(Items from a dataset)
··········

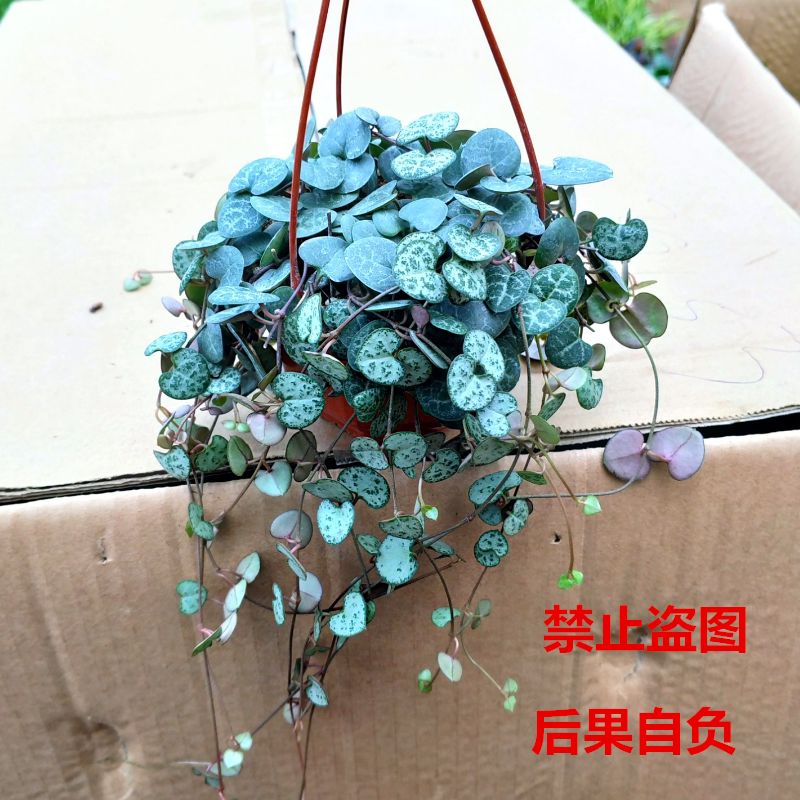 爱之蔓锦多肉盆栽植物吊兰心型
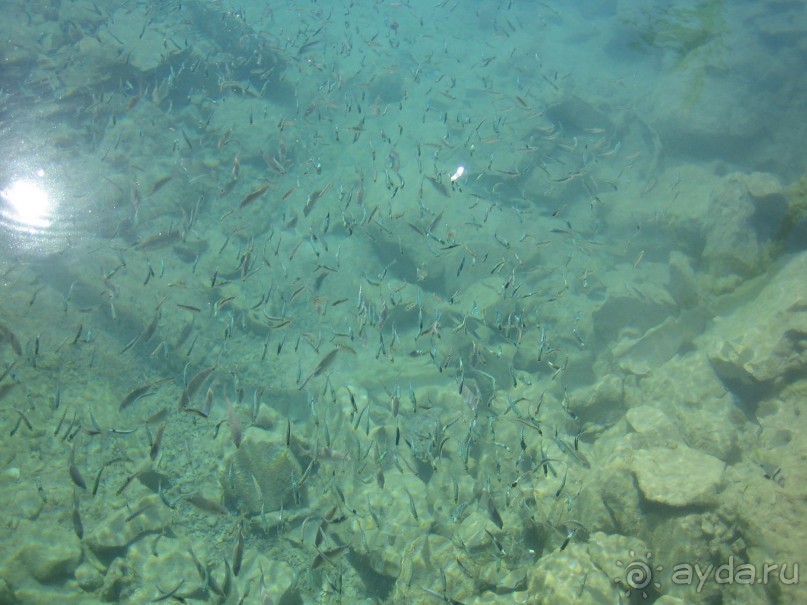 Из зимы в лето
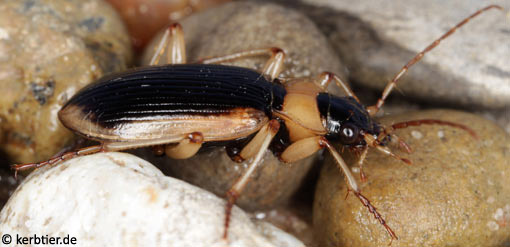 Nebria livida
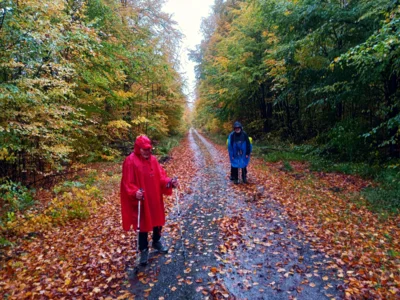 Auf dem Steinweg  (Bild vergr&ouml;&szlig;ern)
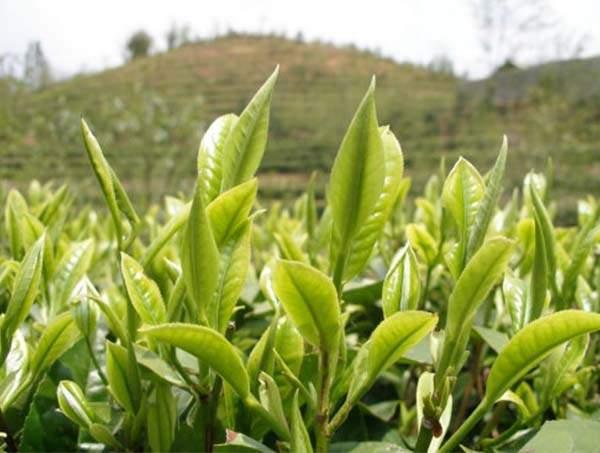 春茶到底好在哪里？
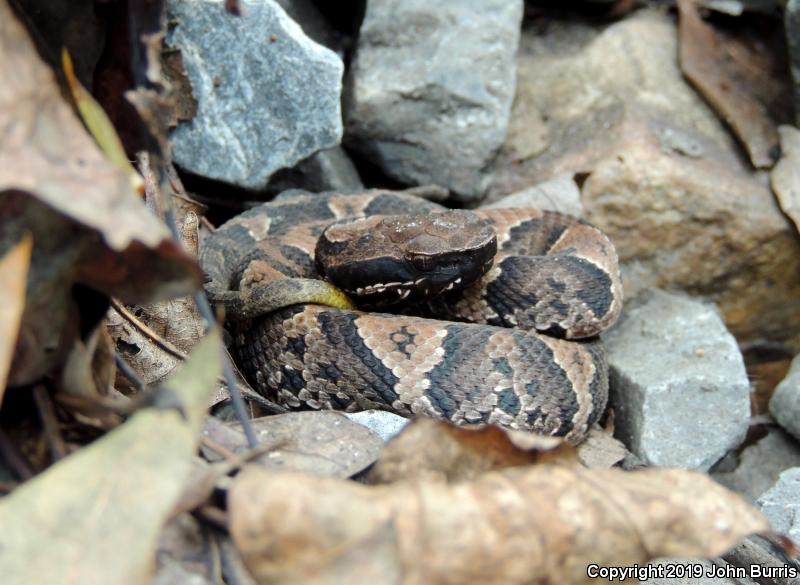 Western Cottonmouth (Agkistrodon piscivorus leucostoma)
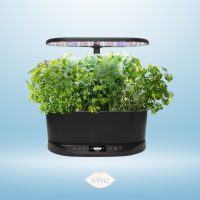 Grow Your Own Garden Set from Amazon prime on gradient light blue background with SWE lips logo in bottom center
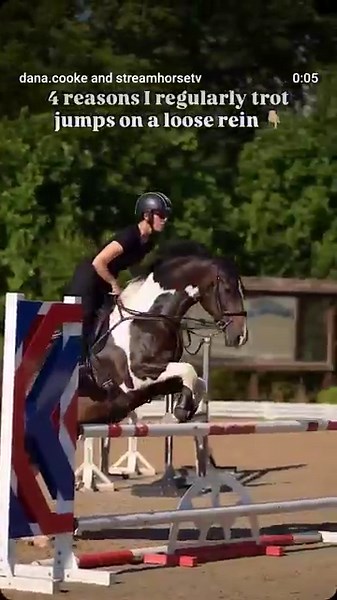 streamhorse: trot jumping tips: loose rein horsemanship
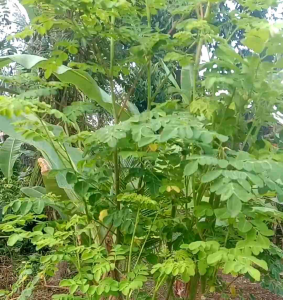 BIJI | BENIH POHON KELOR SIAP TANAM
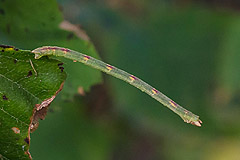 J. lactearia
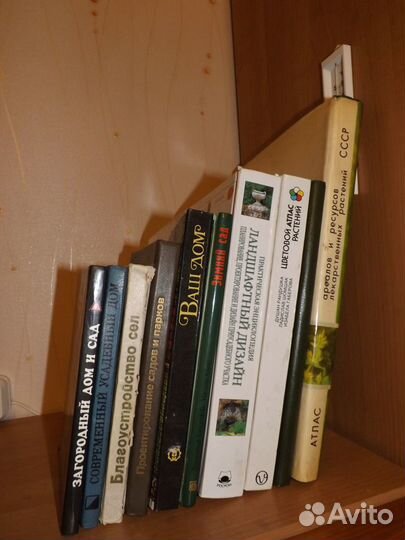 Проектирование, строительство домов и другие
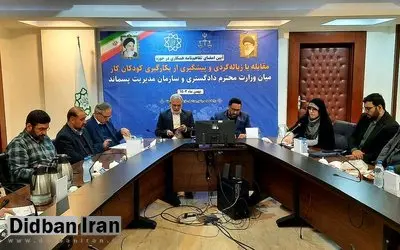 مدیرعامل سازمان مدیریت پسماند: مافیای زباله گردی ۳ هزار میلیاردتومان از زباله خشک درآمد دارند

··········

> Task statement
In the records above, find the line that contains "Western Cottonmouth (Agkistrodon". Retype it and every line after it, exactly, leaving out all pictures.

> Task solution
 Western Cottonmouth (Agkistrodon piscivorus leucostoma)
 Grow Your Own Garden Set from Amazon prime on gradient light blue background with SWE lips logo in bottom center
 streamhorse: trot jumping tips: loose rein horsemanship
 BIJI | BENIH POHON KELOR SIAP TANAM
 J. lactearia
 Проектирование, строительство домов и другие
 مدیرعامل سازمان مدیریت پسماند: مافیای زباله گردی ۳ هزار میلیاردتومان از زباله خشک درآمد دارند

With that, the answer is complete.